#### WHAT YOU HAVE TO DO:
Please retype the data that follows, starting at the line containing "Fernando Mendoza, mariscal" and stopping after the last line.

#### AVAILABLE RECORDS:

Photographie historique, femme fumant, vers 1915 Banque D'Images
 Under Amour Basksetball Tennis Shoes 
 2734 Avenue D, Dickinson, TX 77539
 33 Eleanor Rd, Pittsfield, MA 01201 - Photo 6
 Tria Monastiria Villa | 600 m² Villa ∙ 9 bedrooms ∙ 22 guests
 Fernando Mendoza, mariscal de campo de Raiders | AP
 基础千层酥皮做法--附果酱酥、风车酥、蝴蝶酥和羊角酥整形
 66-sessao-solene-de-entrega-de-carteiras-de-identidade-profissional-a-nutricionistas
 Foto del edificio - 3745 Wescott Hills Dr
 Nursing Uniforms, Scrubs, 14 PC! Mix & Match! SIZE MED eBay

#### WRITTEN SOLUTION:
 Fernando Mendoza, mariscal de campo de Raiders | AP
 基础千层酥皮做法--附果酱酥、风车酥、蝴蝶酥和羊角酥整形
 66-sessao-solene-de-entrega-de-carteiras-de-identidade-profissional-a-nutricionistas
 Foto del edificio - 3745 Wescott Hills Dr
 Nursing Uniforms, Scrubs, 14 PC! Mix & Match! SIZE MED eBay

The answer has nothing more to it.